When you put up pickles, you preserve, warm memories for
the cold days ahead.
Pickling is an easy way of "putting food by." The recipes
here are all for fresh-pack, or quick-process,
pickles—which you can turn out in an
afternoon—rather than for brined, or fermented,
pickles, which may take several weeks. Each recipe involves
merely cleaning and cutting the vegetables to appropriate
lengths; preparing a vinegar-based pickling liquid; packing
the vegetables and liquid in containers; and either
immersing the jars in boiling water for a few minutes or
allowing the pickles to age in the refrigerator until their
flavors have mellowed.
Before you gather up all those excess vegetables your
garden is producing and go to work, get hold of a good
canning guide. The standard one is the USDA's Complete
Guide to Home Canning, Preserving and Freezing ($4.80
postpaid from Dover Publications, 180 Varick St., New York,
NY 10014). A few tips should serve to give you an idea of
what you're getting into.
Ingredients: Vegetables should be fresh,
firm and free of mold and blemishes. If possible, use only
pickling (pure granulated) salt; it has no iodine (which
darkens the pickles) or anticaking agents (which cloud the
liquid). If pickling salt is unavailable, just use
non-iodized table salt and resign yourself to murky brine.

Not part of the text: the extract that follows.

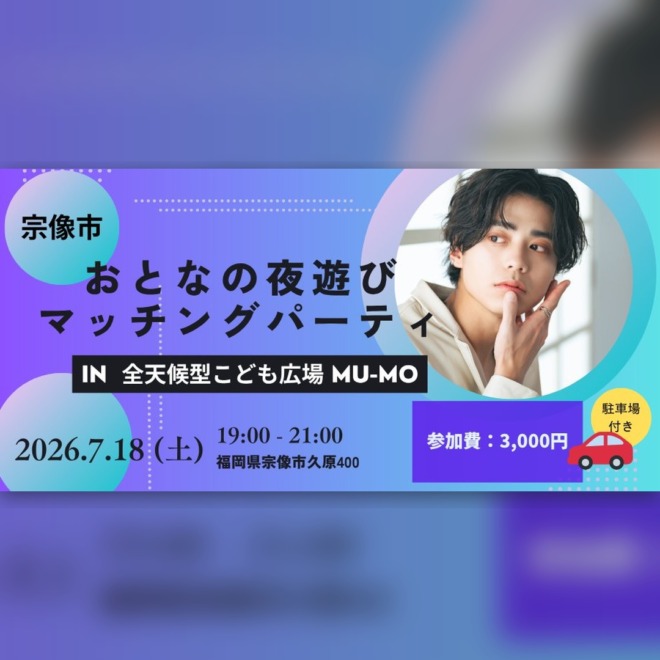 【福岡県宗像市】婚活イベント「おとなの夜遊びマッチングパーティ」Mu-Moで7月18日開催|女性若干名募集中アイキャッチ画像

Vinegar must be between 4% and 6% acid; homemade or gourmet
vinegars of unknown acidity simply aren't safe as
preservatives. Either white or cider vinegar will do,
according to your taste; white is preferable for
light-colored vegetables, since cider will darken them. If
you use garlic (as several recipes call for), keep in mind
that it harbors bacteria that can cause spoilage. Before
adding it to the jars, peel the cloves and boil them for 1
minute in water or in the vinegar solution.
PICKLES
Don't stop at cukes. Pickle zukes, tomatoes,
carrots, beans and peas.
Utensils: Pans for heating the pickling
liquid should be enamel, stainless steel or glass, copper,
galvanized or iron utensils may produce off-colors or form
undesirable compounds. You'll need a water-bath
canner—a large pot with a tight-fitting lid and a
rack to hold canning jars. (Inexpensive models —$10
or so—are often available at discount and hardware
stores.) Jars should be the kind sold specifically for home
canning: glass jars with two-piece metal caps (a flat metal
lid and a metal screw band). Don't reuse leftover
containers from supermarket foods; they won't seal
properly.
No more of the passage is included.